Memory Layout	Atom Type	Why It Works
Column-major `(M,N):(1,M)`	`UniversalCopy<uint128_t>` with thr (4,8)	4 floats along mode-0 are stride-1 → `LDG.128`
Row-major `(M,N):(N,1)`	`UniversalCopy<uint128_t>` with thr (8,4)	Swap thread arrangement so the atom's 4 values hit stride-1 mode-1
Strided / dynamic	`UniversalCopy<float>`	Scalar fallback ; always works, always slow

If the atom's 4-element chunk lands on non-contiguous addresses, the hardware can't coalesce them and you're back to scalar speed. Always check: "which dimension has stride 1?" ; and point the atom's vector width in that direction.

The TiledCopy API Cheat-Sheet:

API Call	What It Does
`make_tiled_copy(atom, thr, val)`	Build the plan from three ingredients
`tiled_copy.get_thread_slice(tid)`	Each worker reads their assignment
`slice.partition_S(src)`	Partition source for this thread
`slice.partition_D(dst)`	Partition destination for this thread
`copy(tiled_copy, thr_src, thr_dst)`	Execute the copy (loops over repetitions)

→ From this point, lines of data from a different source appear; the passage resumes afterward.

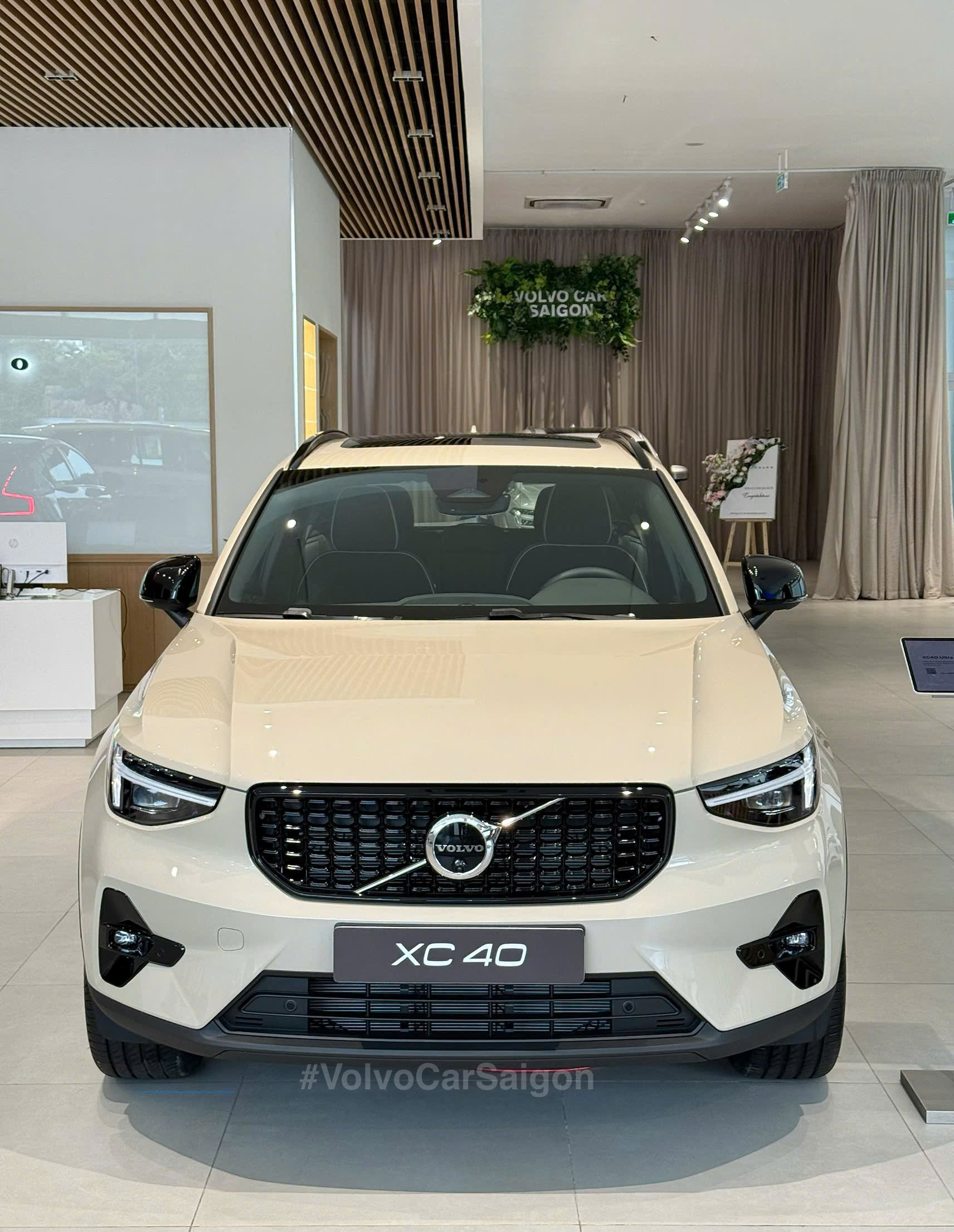 Volvo XC40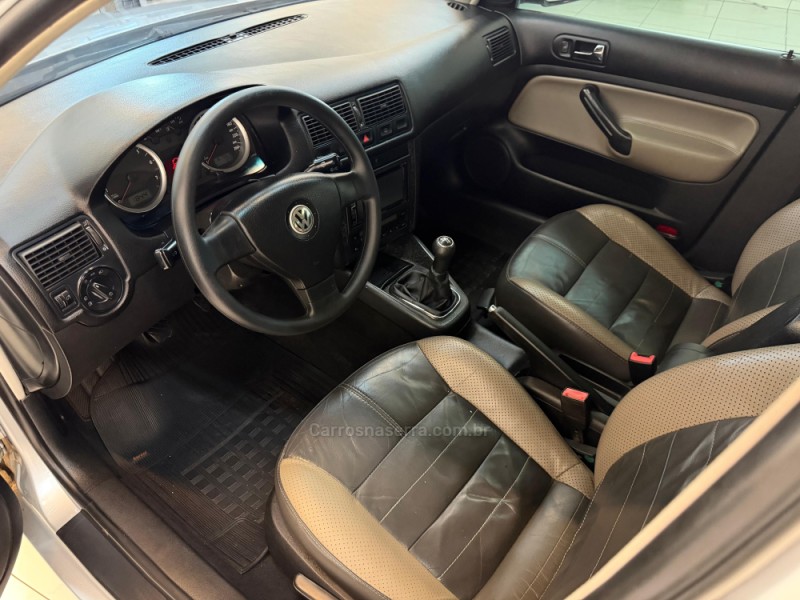 GOLF 1.6 MI SPORTLINE 8V FLEX 4P MANUAL - 2009 - BOM RETIRO DO SUL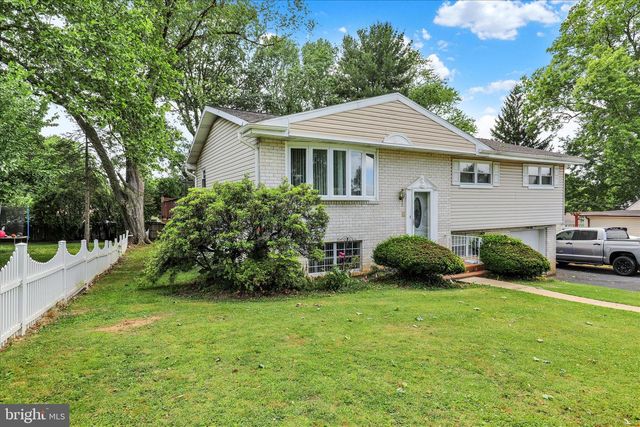 3020 ELM RD, Reading, PA 19605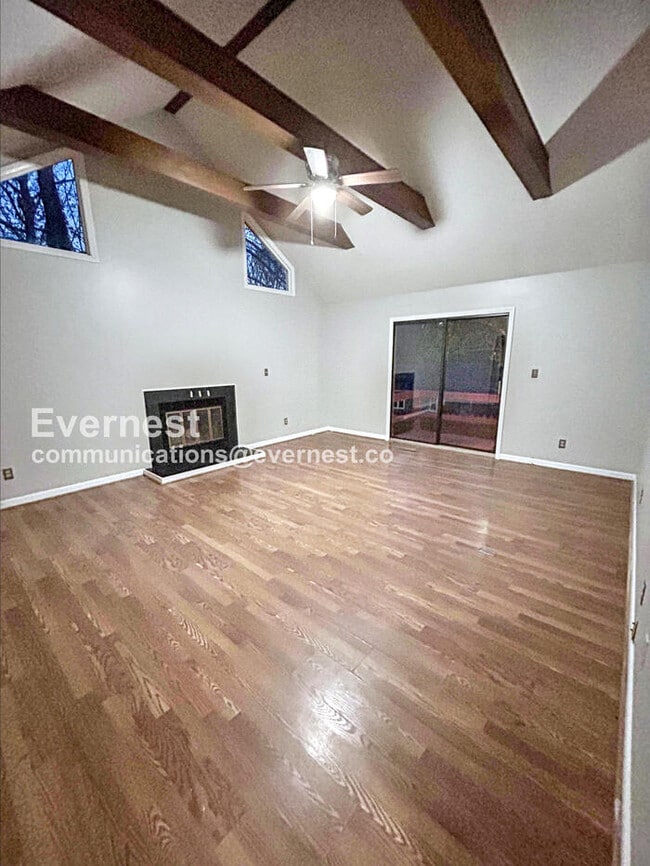 Foto del edificio - 57 Carrisbrooke Ln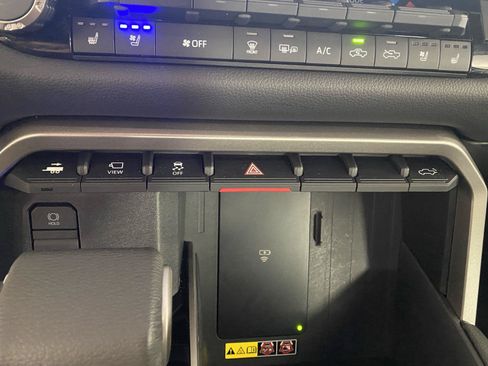 Used 2025 Toyota Tundra Limited AWD/4WD image 23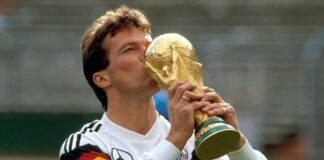 Ο Λόταρ Ματέους φιλά το τρόπαιο του Παγκοσμίου Κυπέλλου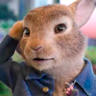 James Corden en el papel de Peter Rabbit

TiledCopy vs. Manual local_partition + copy:

	`local_partition` + `copy`	`TiledCopy`
Thread mapping	You compute it	Declared once
Vectorization	Depends on partition contiguity	Follows from atom type
Swap to `cp.async` / TMA	Rewrite everything	Change one `Copy_Atom`
Repetitions for big tiles	Manual loop	Automatic

Hardware Note: For global memory loads, the GPU coalesces requests from threads in the same warp that hit the same 128-byte cache line. To maximize coalescing, threads with adjacent IDs should access adjacent memory addresses. For column-major data, spread threads along mode-0 (rows) first ; which is what thr_layout = (T_rows, T_cols) in column-major order does naturally: threads 0, 1, 2, 3 hit rows 0–3 of the same column, which are adjacent in memory.

Gotcha ; partition shape surprise: partition_S and partition_D return tensors shaped (ValuesPerAtom, Repetitions...), NOT (M, N). The first mode is the "hand" for a single atom invocation; the remaining modes are how many times the atom repeats to cover the tile. If you print() the partition and see an unexpected number of modes, it's because your tile is bigger than the TiledCopy's single-round coverage. This is normal ; copy() iterates over the repetitions automatically.

What comes next: Each thread's copy is now vectorized and coordinated. But when 32 threads simultaneously write to shared memory, they can collide on the same bank. If threads 0, 8, 16, 24 all write to addresses that map to shared memory bank 0, the hardware serializes those writes ; a bank conflict. That's the topic of Tutorial 05 (Swizzling), where composition with a Swizzle layout remaps addresses to spread them across banks.